Tax avoidance is the glue which binds together the retired sportsman, the bank client, and the Conservative donor.

Years ago, I was a welfare officer in a southern English university. The college had generous policies to subsidise those students who survived on their parents’ very small incomes. Needless to say, in a college where around half of the students came from working-class families, no-one from this background was ever eligible. The income limits for a student’s family were set so low – circa £5,000 per year – than only the children of Dukes, businessmen and landowners were ever eligible. They at least had the good fortune of employing accountants, skilled in converting family businesses with real turn-overs in the tens of millions into paper debtors overwhelmed by fictitious losses.

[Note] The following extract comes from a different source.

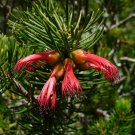 Super Dense Claw Flower Rare Seeds Pcs 8 De Calothamnus Pinifolius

The ubiquity of tax avoidance helps to explain why it was that the MPs cheated their taxes so exuberantly. Among those who spend their company’s money bribing MPs to vote against the regulation of the fracking industry or the press, it is entirely normal to declare as tax expenses the hire of chauffeurs, the purchase of light bulbs and toilet rolls, the paying-off of second, third or fourth mortgages. Every theft of the MPs was justified in the protagonist’s mind by the thought, “if I don’t do this, there must be at least thousands of people richer than me who get away with worse.”

For most of tax history, it was the rich who had to pay direct taxes on employment, while the income of the poor was assumed to be so modest that the majority of people could be taxed only on the food they ate. Under a system of pervasive full-time employment, it become possible to tax the income of the working-class majority. From that point onwards there has been seemingly no need to tax the rich at all – some money is generated without them, perfectly enough to keep a medium-sized state ticking over, even if the rich contribute almost nothing to public expenditure. And so we have our present tax system, where the large majority of people, because they work, are required to pay, while a small number of the self-employed in the middle are subject to relative tax scrutiny, and the taxes of the rich become – in effect – entirely voluntary.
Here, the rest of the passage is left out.